Maximilian Krah und Matthias Helferich sind nun Teil der AfD-Fraktion im Bundestag. Trotz heftigen Skandalen und interner Kritik schweigen am Dienstag die anderen 150 Abgeordneten.
Als Tino Chrupalla um 9 Uhr mit einem Glöckchenläuten die konstituierende Sitzung der neuen AfD-Fraktion eröffnet, sitzen Matthias Helferich und Maximilian Krah in der letzten Reihe. Zurückhaltend, eng an der Glaswand. Als seien sie bereit, jederzeit aufzustehen und den Raum mit ihren 150 neuen Kollegen zu verlassen.
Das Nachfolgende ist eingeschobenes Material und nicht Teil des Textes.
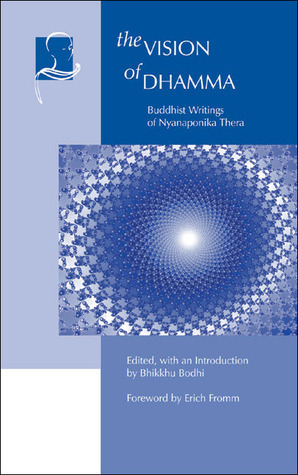 The Vision of Dhamma: Buddhist Writings of Nyanaponika Thera by Nyanaponika Thera, Erich Fromm, Bhikkhu Bodhi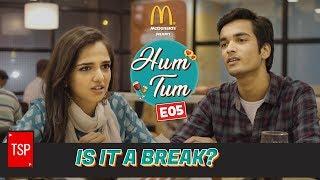 TSPs Hum Tum  E05  Is it a break?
Das hat einen Grund: Helferich und Krah sind Problemfälle – und selbst in der problemerprobten AfD sind sie besondere Problemfälle. Fans feiern sie als „stabil“ oder „standhaft“, was in der Szene so viel heißt wie: offen und ohne jedes Entschuldigen rechtsradikal.
Diese Haltung hat zu vielen dokumentierten Skandalen geführt: Flirts mit dem Nationalsozialismus, NS-Verharmlosung, Geschichtsklitterung, Rassismus, und bei dem im Ausland umtriebigen Krah kommen noch Korruptions- und Spionageskandale hinzu. Und was öffentlich sei, sei nur die „Spitze des Eisbergs“, so formuliert es mancher ihrer Parteikollegen unter der Hand – und macht dabei ein Gesicht, als wolle er vom Rest des Eisbergs lieber auch gar nichts wissen.
Ferngehalten hat sich die AfD deswegen zuletzt von beiden. Zumindest so weit, dass es der Partei nicht allzu sehr schaden würde, sollte mehr von dem Eisberg auftauchen: Helferich saß zwar für die Partei im Bundestag, Krah im EU-Parlament, keiner von ihnen aber war Teil der jeweiligen AfD-Fraktion, die in Brüssel „Delegation“ heißt. Die Kontakte blieben eng. Doch nach außen, für Protokoll und Medien, hielt man eben eine Armlänge Abstand.
An diesem Dienstag fällt dieser Sicherheitsabstand. Die AfD nimmt Krah und Helferich in ihrer Sitzung ohne ein Zeichen von Protest oder Bedenken in die Fraktion auf. Und sendet so einmal mehr das Signal, das sie mit doppelter Mannstärke in der gesamten Legislatur ins Parlament tragen dürfte: Rechtsradikal? Ganz normal!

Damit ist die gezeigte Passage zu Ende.